(SUPPLIED RECORDS begins)
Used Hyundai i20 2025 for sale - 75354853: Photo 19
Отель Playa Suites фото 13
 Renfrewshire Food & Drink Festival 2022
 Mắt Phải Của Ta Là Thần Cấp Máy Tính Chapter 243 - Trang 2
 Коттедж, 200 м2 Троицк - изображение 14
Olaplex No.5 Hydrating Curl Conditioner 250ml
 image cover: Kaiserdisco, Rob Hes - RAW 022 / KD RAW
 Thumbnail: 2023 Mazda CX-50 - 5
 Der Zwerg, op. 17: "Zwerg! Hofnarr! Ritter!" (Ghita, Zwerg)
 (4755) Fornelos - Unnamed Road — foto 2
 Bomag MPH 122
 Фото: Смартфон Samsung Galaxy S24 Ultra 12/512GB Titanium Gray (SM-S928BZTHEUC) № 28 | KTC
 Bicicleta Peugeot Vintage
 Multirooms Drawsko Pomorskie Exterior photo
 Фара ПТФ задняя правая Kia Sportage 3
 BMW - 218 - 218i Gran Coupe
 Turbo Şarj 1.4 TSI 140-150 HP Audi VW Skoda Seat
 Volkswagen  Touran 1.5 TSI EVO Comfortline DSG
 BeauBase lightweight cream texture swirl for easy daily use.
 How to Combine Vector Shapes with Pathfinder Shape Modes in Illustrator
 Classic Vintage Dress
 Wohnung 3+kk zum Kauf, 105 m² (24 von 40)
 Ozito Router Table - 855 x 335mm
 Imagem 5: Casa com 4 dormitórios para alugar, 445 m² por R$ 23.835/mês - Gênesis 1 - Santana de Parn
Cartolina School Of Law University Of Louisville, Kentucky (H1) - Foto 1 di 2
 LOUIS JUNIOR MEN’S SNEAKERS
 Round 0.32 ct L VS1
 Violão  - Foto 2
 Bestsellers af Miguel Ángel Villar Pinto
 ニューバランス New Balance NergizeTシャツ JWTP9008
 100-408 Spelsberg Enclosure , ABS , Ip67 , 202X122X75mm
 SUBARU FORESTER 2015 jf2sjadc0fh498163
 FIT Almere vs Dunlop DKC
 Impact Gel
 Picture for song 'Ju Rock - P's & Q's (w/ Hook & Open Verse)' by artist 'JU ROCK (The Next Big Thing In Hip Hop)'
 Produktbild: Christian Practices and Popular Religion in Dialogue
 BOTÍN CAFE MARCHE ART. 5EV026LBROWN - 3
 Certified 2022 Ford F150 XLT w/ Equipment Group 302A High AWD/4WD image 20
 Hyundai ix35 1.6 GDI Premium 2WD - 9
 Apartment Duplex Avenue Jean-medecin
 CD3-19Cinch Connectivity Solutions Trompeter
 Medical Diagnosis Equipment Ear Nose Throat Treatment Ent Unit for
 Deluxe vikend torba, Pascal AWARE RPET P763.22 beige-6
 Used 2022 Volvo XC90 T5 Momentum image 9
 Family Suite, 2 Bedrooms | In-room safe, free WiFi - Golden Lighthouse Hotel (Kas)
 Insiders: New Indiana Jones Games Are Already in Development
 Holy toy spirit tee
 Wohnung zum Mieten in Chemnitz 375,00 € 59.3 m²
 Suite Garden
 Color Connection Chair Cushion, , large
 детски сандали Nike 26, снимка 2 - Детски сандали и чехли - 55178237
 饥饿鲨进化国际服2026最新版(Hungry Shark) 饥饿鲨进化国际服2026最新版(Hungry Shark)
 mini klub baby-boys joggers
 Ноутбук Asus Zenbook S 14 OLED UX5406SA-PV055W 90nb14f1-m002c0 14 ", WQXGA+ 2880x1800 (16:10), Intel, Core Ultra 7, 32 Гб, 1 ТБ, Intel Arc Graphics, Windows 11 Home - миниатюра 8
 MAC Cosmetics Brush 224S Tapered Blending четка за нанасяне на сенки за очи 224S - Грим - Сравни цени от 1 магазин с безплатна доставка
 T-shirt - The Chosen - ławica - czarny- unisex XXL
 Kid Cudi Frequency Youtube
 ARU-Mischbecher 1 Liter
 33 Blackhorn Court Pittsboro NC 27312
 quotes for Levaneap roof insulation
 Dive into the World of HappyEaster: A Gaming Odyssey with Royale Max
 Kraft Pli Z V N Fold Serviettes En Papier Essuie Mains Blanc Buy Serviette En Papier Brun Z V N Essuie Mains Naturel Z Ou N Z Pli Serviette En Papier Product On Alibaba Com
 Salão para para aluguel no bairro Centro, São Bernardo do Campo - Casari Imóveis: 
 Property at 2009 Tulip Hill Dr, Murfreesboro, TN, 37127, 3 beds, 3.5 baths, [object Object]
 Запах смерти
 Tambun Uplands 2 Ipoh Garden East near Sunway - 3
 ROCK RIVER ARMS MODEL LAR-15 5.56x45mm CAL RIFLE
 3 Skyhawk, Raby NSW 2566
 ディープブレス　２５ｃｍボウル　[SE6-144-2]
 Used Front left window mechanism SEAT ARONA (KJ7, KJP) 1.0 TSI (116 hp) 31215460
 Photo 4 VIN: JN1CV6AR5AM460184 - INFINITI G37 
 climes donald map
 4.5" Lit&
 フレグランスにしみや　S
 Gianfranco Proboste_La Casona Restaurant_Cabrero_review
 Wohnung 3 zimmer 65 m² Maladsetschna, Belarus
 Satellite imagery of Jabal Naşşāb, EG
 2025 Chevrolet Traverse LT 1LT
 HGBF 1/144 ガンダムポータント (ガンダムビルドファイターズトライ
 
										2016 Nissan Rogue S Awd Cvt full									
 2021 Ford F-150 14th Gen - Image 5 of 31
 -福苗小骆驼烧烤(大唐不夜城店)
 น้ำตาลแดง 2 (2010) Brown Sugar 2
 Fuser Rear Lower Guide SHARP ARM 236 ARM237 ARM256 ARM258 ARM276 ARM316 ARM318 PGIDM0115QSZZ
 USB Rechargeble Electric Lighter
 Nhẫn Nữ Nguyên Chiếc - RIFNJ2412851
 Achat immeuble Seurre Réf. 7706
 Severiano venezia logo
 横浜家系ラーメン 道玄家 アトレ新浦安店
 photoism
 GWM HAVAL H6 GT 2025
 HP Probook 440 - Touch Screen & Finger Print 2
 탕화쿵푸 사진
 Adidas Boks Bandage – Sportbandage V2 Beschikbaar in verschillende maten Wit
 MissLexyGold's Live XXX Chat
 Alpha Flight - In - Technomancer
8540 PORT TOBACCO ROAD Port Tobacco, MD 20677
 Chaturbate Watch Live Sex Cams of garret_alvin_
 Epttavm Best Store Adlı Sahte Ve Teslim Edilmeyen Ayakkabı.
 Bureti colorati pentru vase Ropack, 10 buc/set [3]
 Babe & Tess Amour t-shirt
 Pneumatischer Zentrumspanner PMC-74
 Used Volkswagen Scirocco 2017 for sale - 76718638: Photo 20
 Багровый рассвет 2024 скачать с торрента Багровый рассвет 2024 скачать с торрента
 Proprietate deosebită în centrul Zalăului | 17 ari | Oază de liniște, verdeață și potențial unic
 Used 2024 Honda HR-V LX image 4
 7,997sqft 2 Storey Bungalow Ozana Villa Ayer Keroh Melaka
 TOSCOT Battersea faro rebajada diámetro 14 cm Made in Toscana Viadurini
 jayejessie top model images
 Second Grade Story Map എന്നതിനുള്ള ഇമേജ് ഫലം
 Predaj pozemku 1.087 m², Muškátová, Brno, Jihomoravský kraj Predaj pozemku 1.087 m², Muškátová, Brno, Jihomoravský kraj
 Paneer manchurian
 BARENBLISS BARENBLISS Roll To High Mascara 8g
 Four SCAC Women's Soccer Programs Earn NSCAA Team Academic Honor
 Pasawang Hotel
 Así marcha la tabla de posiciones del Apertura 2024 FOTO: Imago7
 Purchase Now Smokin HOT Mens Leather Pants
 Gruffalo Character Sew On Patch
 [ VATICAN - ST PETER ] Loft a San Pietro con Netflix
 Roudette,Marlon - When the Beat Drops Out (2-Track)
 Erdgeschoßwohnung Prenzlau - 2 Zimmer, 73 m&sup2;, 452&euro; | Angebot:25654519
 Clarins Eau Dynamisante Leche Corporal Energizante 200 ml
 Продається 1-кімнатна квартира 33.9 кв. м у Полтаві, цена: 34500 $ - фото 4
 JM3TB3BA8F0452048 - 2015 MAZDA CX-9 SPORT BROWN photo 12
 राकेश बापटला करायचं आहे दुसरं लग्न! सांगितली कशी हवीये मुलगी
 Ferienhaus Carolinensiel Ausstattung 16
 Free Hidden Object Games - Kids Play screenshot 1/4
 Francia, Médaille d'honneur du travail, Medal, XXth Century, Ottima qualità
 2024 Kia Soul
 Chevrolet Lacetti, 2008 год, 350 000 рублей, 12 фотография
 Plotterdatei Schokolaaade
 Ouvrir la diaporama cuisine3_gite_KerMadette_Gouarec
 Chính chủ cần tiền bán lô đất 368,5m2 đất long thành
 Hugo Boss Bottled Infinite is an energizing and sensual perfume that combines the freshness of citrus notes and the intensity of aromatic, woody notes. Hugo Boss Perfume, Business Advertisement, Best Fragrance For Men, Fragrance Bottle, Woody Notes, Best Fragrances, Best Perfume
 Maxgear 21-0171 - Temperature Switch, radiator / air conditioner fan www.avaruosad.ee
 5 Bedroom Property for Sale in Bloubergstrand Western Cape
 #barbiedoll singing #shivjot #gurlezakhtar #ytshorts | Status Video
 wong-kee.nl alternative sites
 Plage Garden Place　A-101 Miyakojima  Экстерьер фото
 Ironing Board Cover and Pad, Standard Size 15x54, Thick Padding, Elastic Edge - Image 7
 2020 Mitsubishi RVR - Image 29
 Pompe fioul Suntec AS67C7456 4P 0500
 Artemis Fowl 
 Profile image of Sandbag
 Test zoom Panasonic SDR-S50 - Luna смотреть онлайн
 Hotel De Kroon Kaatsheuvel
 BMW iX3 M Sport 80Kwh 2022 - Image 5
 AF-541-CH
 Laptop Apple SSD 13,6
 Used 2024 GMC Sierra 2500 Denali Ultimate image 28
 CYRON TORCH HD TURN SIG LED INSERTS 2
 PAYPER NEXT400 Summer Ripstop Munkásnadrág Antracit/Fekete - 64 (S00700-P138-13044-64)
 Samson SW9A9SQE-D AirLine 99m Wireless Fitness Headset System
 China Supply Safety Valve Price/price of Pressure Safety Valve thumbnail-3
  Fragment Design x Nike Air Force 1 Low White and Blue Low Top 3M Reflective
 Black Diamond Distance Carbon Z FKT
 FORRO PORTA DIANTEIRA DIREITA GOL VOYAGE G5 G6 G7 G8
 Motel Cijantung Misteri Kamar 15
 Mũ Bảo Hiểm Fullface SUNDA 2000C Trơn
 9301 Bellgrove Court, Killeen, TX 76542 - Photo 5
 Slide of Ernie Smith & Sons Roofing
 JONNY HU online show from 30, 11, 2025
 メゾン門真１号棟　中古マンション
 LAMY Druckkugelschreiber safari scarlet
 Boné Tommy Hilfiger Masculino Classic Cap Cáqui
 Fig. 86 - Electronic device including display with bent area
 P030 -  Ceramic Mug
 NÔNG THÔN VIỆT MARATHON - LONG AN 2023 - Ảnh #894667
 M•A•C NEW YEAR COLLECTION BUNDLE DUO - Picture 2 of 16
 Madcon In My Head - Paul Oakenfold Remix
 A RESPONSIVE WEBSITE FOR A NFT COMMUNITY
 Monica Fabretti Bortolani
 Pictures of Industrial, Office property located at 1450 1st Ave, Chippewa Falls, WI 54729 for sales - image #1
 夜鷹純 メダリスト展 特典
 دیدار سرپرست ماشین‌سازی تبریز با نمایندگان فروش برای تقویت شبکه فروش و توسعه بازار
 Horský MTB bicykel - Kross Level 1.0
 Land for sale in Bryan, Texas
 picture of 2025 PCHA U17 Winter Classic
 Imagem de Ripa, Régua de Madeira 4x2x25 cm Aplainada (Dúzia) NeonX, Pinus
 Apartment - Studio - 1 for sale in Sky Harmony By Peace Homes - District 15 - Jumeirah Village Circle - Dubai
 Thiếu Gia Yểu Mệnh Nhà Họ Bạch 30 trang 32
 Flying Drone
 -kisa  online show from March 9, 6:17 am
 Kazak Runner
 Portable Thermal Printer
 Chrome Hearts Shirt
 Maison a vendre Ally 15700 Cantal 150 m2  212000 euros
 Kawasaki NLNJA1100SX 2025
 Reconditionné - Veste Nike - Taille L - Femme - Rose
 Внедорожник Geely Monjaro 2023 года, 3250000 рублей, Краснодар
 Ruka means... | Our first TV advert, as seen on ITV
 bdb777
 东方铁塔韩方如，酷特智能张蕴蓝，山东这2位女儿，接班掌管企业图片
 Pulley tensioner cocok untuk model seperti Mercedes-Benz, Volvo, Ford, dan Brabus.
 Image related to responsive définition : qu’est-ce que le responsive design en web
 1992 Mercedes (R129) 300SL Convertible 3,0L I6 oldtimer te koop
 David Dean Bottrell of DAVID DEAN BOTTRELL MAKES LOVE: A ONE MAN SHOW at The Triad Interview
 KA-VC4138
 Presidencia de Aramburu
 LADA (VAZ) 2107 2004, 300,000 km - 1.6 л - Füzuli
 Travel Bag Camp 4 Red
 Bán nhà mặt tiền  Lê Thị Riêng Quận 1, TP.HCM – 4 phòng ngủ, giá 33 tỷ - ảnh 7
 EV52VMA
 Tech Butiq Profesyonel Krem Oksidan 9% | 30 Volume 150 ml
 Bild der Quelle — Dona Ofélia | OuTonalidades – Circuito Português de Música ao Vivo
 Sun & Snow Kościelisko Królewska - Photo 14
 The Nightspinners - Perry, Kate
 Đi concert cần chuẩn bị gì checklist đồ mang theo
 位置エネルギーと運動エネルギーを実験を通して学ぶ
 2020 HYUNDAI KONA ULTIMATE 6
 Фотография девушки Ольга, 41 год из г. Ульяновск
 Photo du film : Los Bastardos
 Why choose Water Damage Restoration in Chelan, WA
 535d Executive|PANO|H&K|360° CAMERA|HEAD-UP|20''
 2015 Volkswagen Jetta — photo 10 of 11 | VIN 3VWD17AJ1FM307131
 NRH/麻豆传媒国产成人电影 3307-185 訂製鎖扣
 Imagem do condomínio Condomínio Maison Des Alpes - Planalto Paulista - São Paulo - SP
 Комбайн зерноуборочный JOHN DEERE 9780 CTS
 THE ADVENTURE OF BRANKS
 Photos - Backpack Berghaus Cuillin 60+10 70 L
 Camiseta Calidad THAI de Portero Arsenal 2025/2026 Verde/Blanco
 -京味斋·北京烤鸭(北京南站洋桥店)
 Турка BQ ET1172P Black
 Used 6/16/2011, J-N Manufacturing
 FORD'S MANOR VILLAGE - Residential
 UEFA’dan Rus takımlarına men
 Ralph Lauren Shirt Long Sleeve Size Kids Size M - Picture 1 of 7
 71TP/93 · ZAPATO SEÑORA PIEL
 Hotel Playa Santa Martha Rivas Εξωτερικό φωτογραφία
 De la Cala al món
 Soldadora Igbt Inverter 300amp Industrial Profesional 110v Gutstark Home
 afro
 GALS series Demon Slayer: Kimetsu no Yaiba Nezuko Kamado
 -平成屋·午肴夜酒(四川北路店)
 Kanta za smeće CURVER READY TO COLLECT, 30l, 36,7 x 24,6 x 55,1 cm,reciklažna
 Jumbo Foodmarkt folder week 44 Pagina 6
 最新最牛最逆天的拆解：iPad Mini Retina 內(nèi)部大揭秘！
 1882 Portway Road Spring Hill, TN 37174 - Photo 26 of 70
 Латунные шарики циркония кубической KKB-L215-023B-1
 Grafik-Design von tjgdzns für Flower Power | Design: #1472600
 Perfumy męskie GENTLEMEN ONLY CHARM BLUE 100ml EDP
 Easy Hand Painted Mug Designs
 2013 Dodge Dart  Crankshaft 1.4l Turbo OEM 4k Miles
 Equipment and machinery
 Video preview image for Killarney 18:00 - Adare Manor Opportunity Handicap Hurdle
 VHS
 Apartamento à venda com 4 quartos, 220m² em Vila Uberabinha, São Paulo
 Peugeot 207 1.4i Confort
(SUPPLIED RECORDS ends)
### ASSIGNED TASK
State how many lines in the data include the string "Garden". Nothing else belongs in the reply.

### SOLUTION TO THIS PROBLEM
3